And what he’d come up to replace them had never involved seeing her again. Never involved so much as an acknowledgment of her name. Her face. Only the things she and her people had done to him. Were doing to others. Hopefully convincing enough people that those things were wrong. Hard to be convincing when one was a murderer. When one was a torturer himself.

But that fruit had been too ripe to resist plucking it. She deserved whatever was going on in her mind right now. Deserved it for no other reason than because it made him. Made him feel.

Warm inside wasn’t quite right, because the surging tide of bitter, freezing nausea was still strong and ever present. 

Made him feel, finally, like he deserved the way he felt about himself.

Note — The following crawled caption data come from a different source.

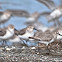 Dunlin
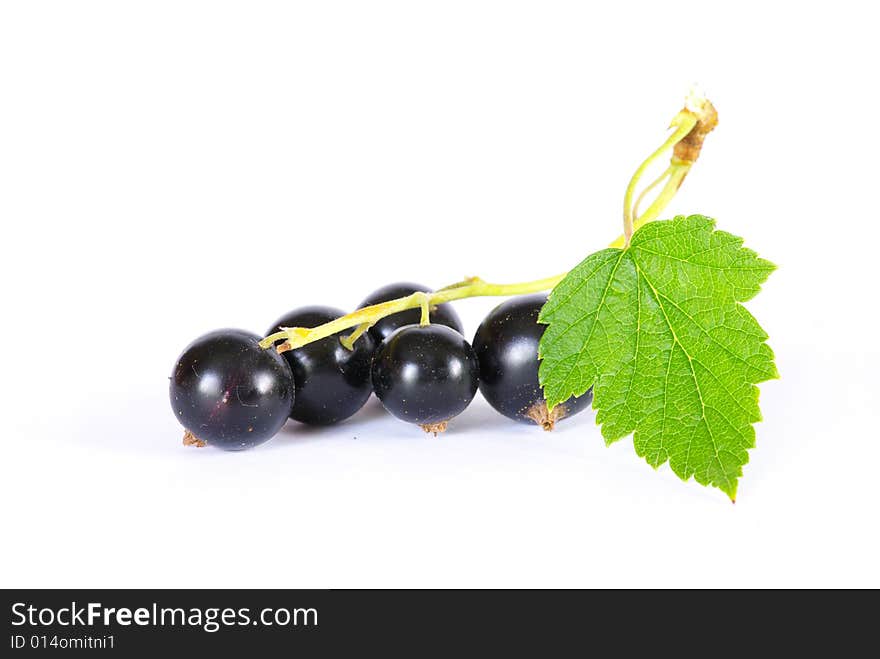 Black Currant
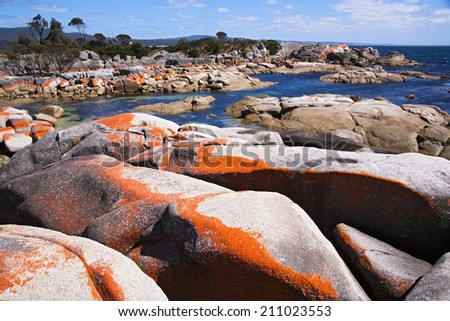 Bay of fires with orange lichen boulders and blue seas.
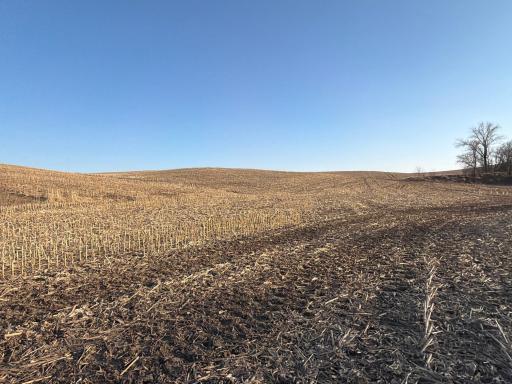 TBD County Road 3, Zumbro Falls, MN 55991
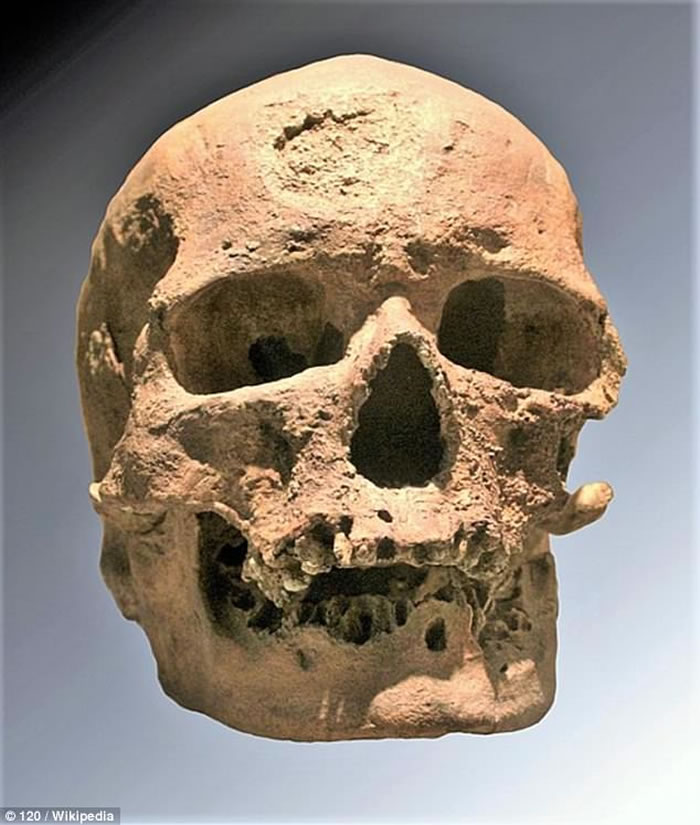 2.8����ǰ����ͷ�ǡ�Cro-Magnon 1����������150���� ѧ�������о���������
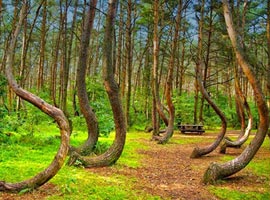 جنگلی از درختان عجیب و خمیده + تصاویر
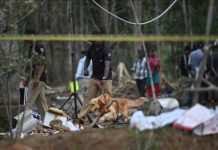 त्रिशूर पटाखा विस्फोट के पीड़ितों की पहचान के लिए डीएनए परीक्षण जारी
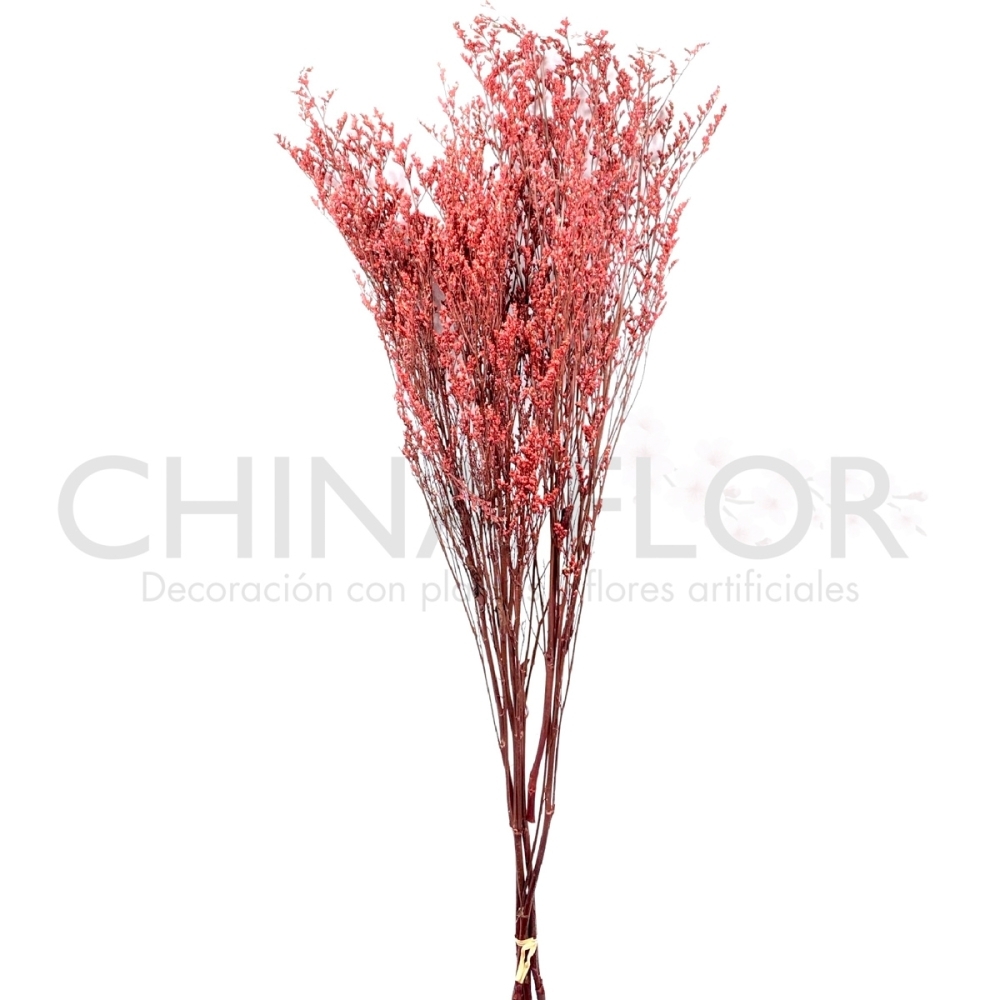 HONG-FLORES SECAS 80CM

Hopefully what Miss Ochoa would find on that computer—what she could write with that information—would be enough to convince some people. People who weren’t already involved and people willing to switch sides to save face. If she was brave enough. He couldn’t offer her protection any more than he could actually protect himself. Protect the people he cared about. All he could do was throw her into the line of fire and hope that they kept shooting at him instead.

Regina, apparently aware that she was being ignored, screamed.

Or tried to, at least. Halfway through, her voice caught in the back of her throat, sending her coughing and sputtering, fresh blood from her nose trickling down her face.

“Where am I?” she managed, in between broken sounds from her chest. Followed by a strangled and pitiful, “It’s so dark. I hate. Hate the. The layout, all wrong. It’s all wrong. It’s all going going gone wrong, going wrong, how did he even? Two lefts make a right make a wrong. Why are they all coming out left-handed?” and a knocking at the door. “The light is on,” Regina’s thoughts were coming unstuck again and set out to drift. “Need versus wanting to need,”

Chen turned to look through the small window and unlocked the door, letting Ricardo back in. His eyes settled on Richard, making him want to both squirm and heave out a tired sigh. There wasn’t judgment in the look. Mild worry tempered by the anger still bubbling away just beneath his surface.

“Hey,” was all he offered before looking back at the body in the bed with open revulsion. “So. What now?” words tight and sticking between his ribs.

Regina made a cooing sound. “No, not yet. The system will,”

And wasn’t that the question of the fucking century? Richard bit the bullet and felt it crack his teeth. The hand not being held by Daniel clenched hard enough to send his fingernails slicing into his palm. The slight pain helped anchor him down.

“I don’t know. Lady Argent was on her way back with the regene, I think. She was certainly winning when I left the scene. But soon either the Special Directive is going to show up and kill everyone in here. And I don’t know how to deal with siege warfare. Especially if,”

“If?” Ricardo paced over, glaring sharpened daggers at Regina, who was still muttering her part of a one-sided conversation. His shoulders were up to his ears, tense and tight. His face was grim. It didn’t take a psychic to see the pent-up aggression barely contained in the way he grabbed the other chair and flung himself down into it. It almost hid the way he winced at his cracking knees.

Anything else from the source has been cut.